A tribute to my childhood summer campground.

The main lodge of Lakeshore Christian Camp.

I recently discovered my childhood summer campground has been abandoned for over a decade. I have vivid coming-of-age memories from this place, but even the most vivid memories are no substitute for being there. I needed to go back. I texted a friend from high school, grabbed my camera bag, jumped in his newly acquired Prius, and we were off. His memory of the drive there was more accessible than mine, but my failure to remember wouldn’t last very long. After driving down the muddy, overgrown road that led to the lodge, all my memories returned.

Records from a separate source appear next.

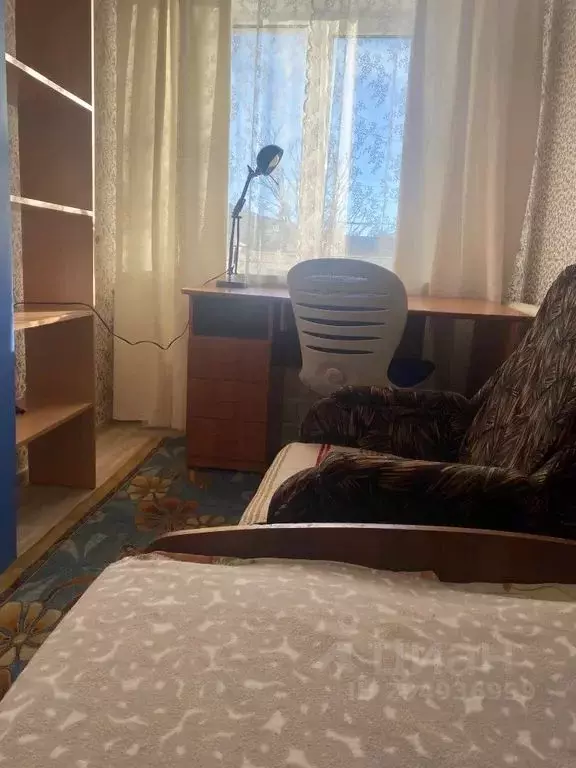 Дом в Нижегородская область, Лукоянов ул. Пушкина, 64 (65 м) - Фото 1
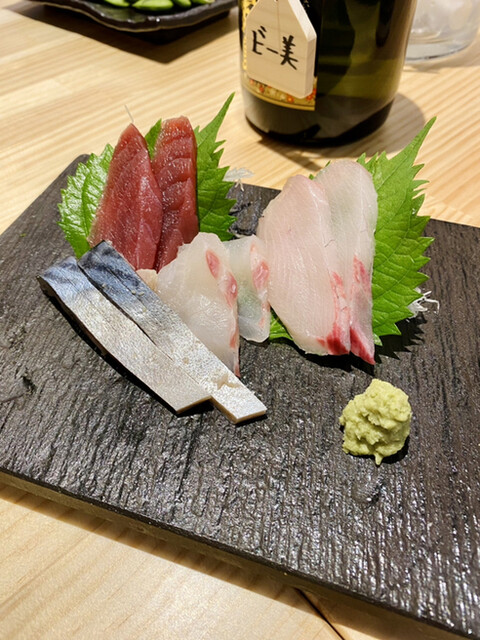 杉玉 約35㎝ 杉玉 屋根付き(焼き杉作り） 杉玉 直径約35cm 公式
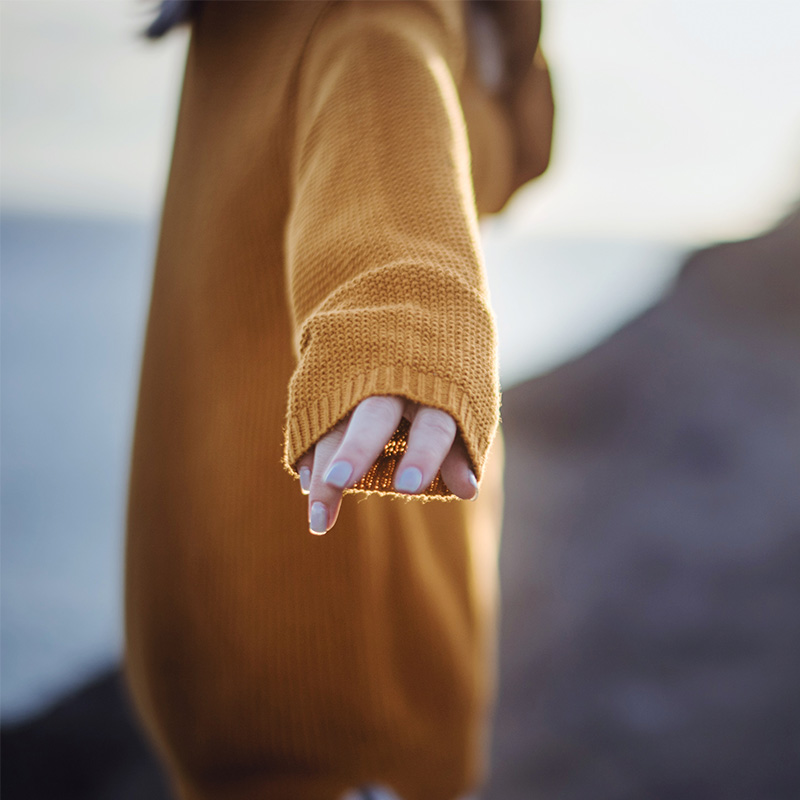 lea lorenzen hand frau angebote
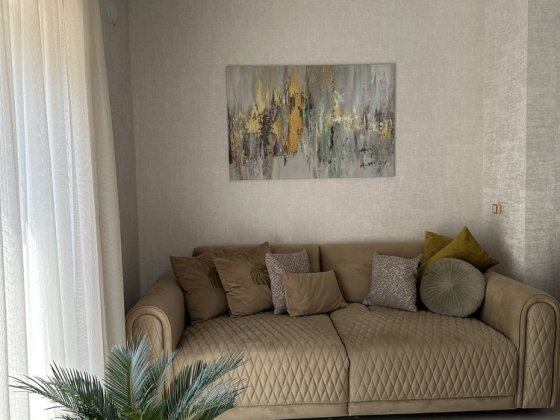 Завжди є світло в будинку, Ірпінь, вулиця Київська Ирпень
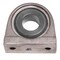 Edt PILLOW BLOCK BEARING NA9PE3-20 - alternate 1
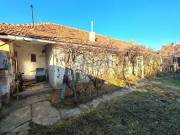 Eladó ház, Békéscsaba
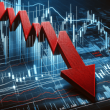 crypto-analyst-predicts-massive-solana-price-crash-using-elliott-waves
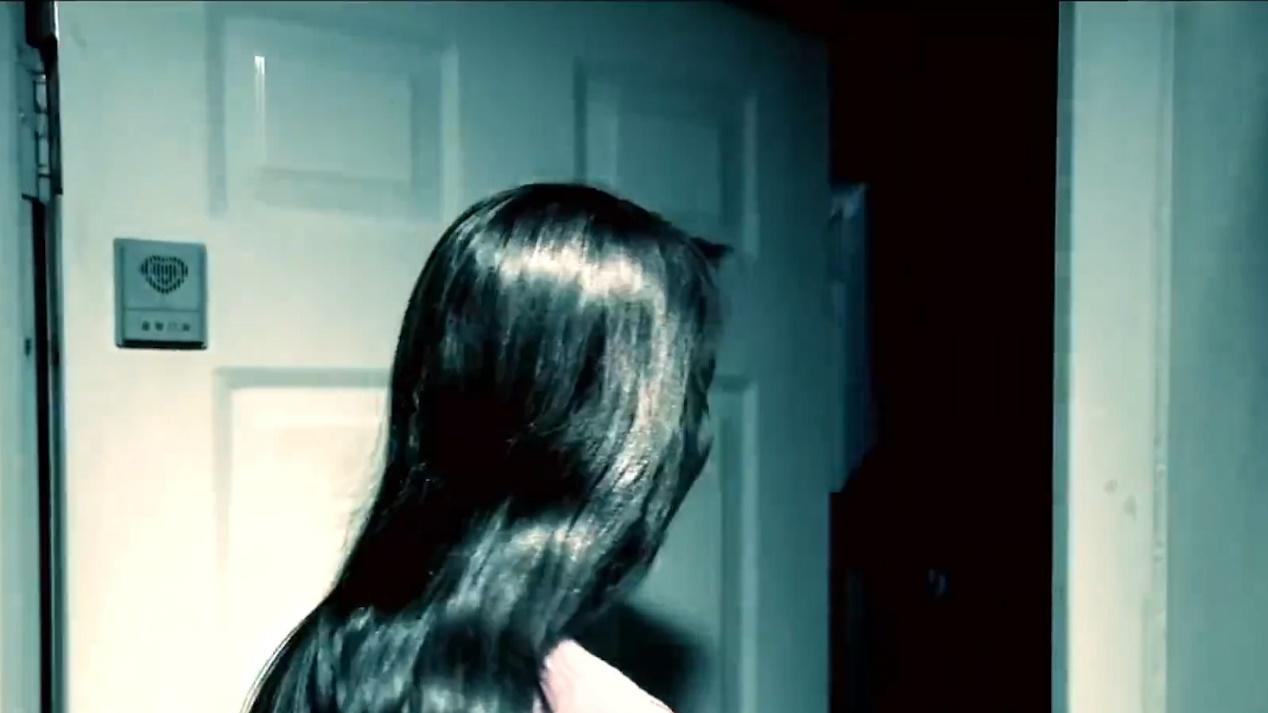 雕塑藏尸案：以艺术为名的复仇与杀戮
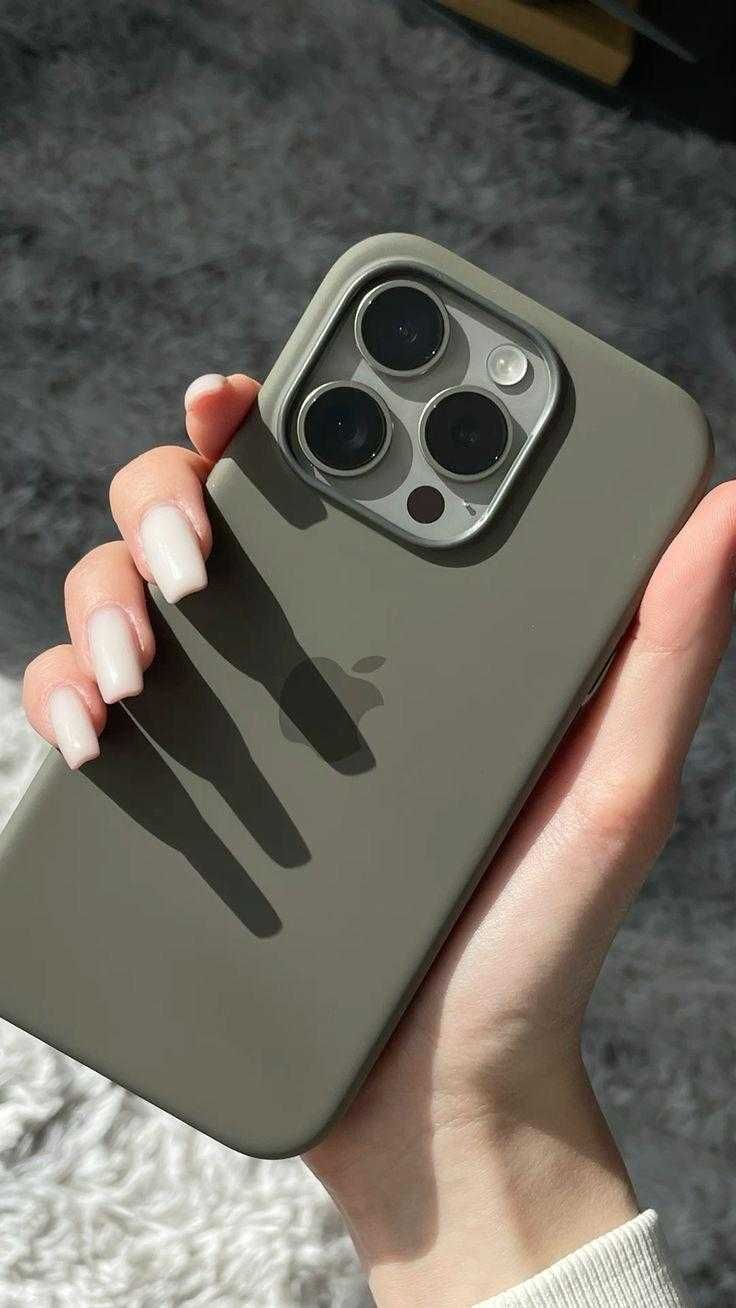 iPhone 15 Pro  ЕАС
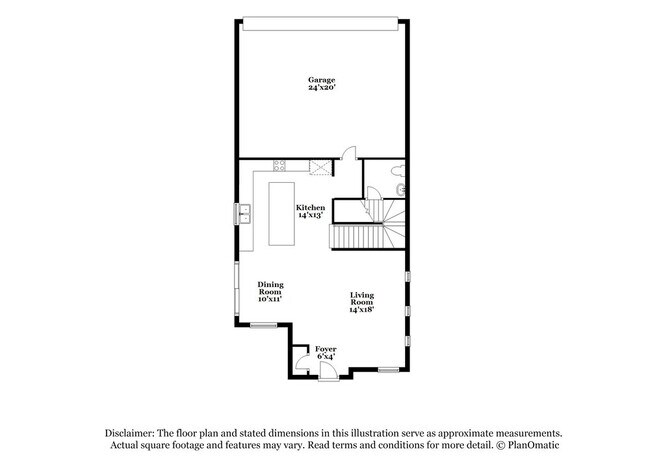 Building Photo - 9210 W Meadow Dr
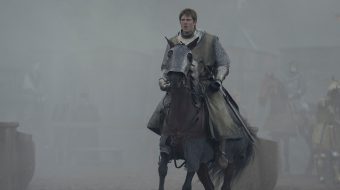 Co jeszcze będzie w styczniu na HBO Max? 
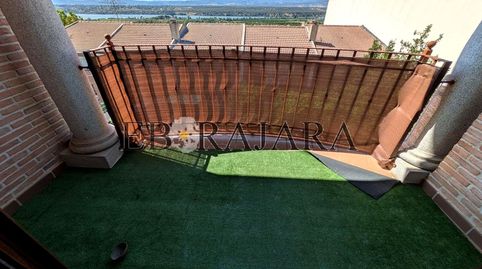 Foto 5 de Piso en venta en Clavel, Cazalegas, Toledo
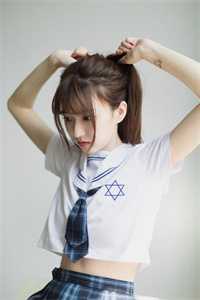 全集哥哥为陪学妹，害嫂嫂和我丧命：+后续+结局最新章节列表_全集哥哥为陪学妹，害嫂嫂和我丧命：+后续+结局全文阅读在线最新已完结小说最新章节免费在线阅读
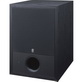 Сабвуфер Yamaha SW10 Studio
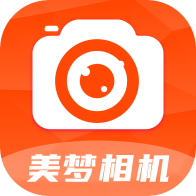 美梦相机免费下载最新版-美梦相机软件下载官方版v1.0.1 安卓版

Walking through Lakeshore Christian Camp was like walking through a puzzle. Piece-by-piece I slowly assembled my disordered mess of camp memories. The environment gradually transformed from ruin to imaginative restoration as I went from site to site. While the grounds remained pretty unrecognizable, they were still capable of connecting my scattered memories.

“If it were not for the warm memories I have of this place, It would have been a much more chilling experience.”

Hymnals on the floor of the Lodge

The mess hall that once hosted my 8:30 am breakfasts and afternoon chapel services is now an overgrown shell of its former glory. Tattered and torn hymnals are strewn about, and overturned, moldy furniture is haphazardly positioned across the room. The basketball court now features a fully matured maple tree at center court and the bathroom cabins have been reduced to crumbling porcelain. If it were not for the warm memories I have of this place, It would have been a much more chilling sight to see.

LEFT: Collapsing roof of one of the cabins. RIGHT: The kitchen connected to the mess hall

Walking past the old snack and gift shop, I recognized a gaping hole where the back door use to be. I adjusted my camera lens and made my way through. Beyond that hole is a large hill that overlooks the Lake Winnebago. I held up my camera rig, pushed through the brush, and began to capture the now obstructed view of the largest lake in Wisconsin.

Taking a moment, I recalled all the time I spent on this hill. My fellow campers and I would congregate here at the end of every trip as we prepared for a long bus ride home. It’s here where I would sit with my bags packed and sleeping bag rolled fidgeting with my disposable camera and 256mb MP3 player. I could practically see my thirteen-year-old self there on that hill adjusting his Linkin Park playlist. The routine of looking out over the lake after a long week at camp was always the same, but each summer offered a different take on the experience. Some weeks provided tough life lessons, while others were without a doubt a defining childhood adventure. But regardless of whether it was a good trip or a bad trip, every one helped me grow and mature in different ways, and every one culminated on that hill.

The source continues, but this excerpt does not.